Jake Wharton values list screenshot

You can follow Jake on Mastodon or on his site.

Back to Hugo + Cloudflare Pages for my personal site. Realized how important pure text themes, flexibility, and Markdown were over Ghost’s editor, media embeds, and newsletters/network. Ultimately found the editor slowed me down and the themes were too media heavy/glossy for me.

And though I’ve always found the fiddly parts of programming the most calming, and the most essential, I’m not especially good at them. I’ve failed many classic coding interview tests of the kind you find at Big Tech companies. The thing I’m relatively good at is knowing what’s worth building, what users like, how to communicate both technically and humanely. A friend of mine has called this A.I. moment “the revenge of the so-so programmer.” As coding per se begins to matter less, maybe softer skills will shine.

The whole (long) article about AI and coding from James Somers is excellent, but this point specifically was highly relatable. I am the literal embodiment of the so-so programmer. 😅

One of the most counter-intuitive phenomena in trust repair is where initial success in building trust leads to a short-term surge in reported ‘negative metrics’.

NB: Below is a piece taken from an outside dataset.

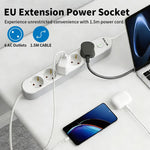 CILIA 6-Outlet Power Strip with Switch, Surge Protection, Hidden Cable Compartment, 3680 W, 250 V, 1.5 m Cable, White – Living Room, Kitchen, Bedroom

When institutions successfully remove this barrier by demonstrating responsiveness and competence, citizens are suddenly incentivised to report issues, believing the effort is worthwhile. This resulting spike in reported complaints or low-level ASB is not a sign of rising disorder, but the successful conversion of latent, unreported incidents into official, actionable data.

This is an excellent exploration on how to both enact change AND how to interpret its signals. So much good stuff here.

Senior engineers look at the big, messy, abstract thing and start digging:

  • They ask questions nobody else thought to ask.
  • They separate what matters from noise.
  • They identify what should be done now vs. what to punt.

And you know what’s funny? When senior engineers do this well, it looks easy. Like nothing was even done. The project just… goes smoothly. Fewer surprises, production fires, or emergency meetings. But what actually happened was that someone did a lot of invisible work upfront.

Absolutely perfect, spot-on analysis.

This post by Molly Graham is excellent. I’ve never really liked the blindly-follow vibe of “disagree and commit”. The original intent was to enable decision making and drive alignment, and while that’s noble, enough bad actors have abused it to the point that It’s become a buzzword excuse they can use to justify squashing discussion and getting their way. I’ve definitely seen it happen.

Molly’s take is much smarter, far more nuanced, and as a leader, far more achievable. You don’t have to feel like you’re selling something you don’t believe in, but rather can acknowledge that the team is making an educated guess that will be assessed and reviewed afterwards. That builds trust, helps everyone learn, and is much easier to get behind. So, so much better. 👏

Kind of shocking to me that the majority of job postings still list number of years as a requirement.

First and most importantly, this shows an (unintentional?) implicit bias against underrepresented groups, cutting out those with non-linear career paths and those who have faced systematic barriers (women, people of color, minorities). Diversity is so critical for a team’s overall success, as any good product should have representation of its customer base.

Secondly, years of experience is in no way a proxy for competence. Some of the very best people I’ve worked with had a year of experience, and some of the biggest duds were people with dozens of years of experience. Smarts, ambition, and attitude are what matter, not years.

When in doubt, share your professional failures. If you’ve had any level of success in your career, sharing failures shows there’s room for growth for everyone at all levels. Nobody’s perfect and we all struggle at times, so people appreciate and connect with those kinds of experiences far more than some glossy accomplishment.

So share your tough moments and your missteps. Be honest and transparent. It might be hard to do and maybe even a little embarrassing, but that little bit of selflessness is an excellent way to teach and help grow others.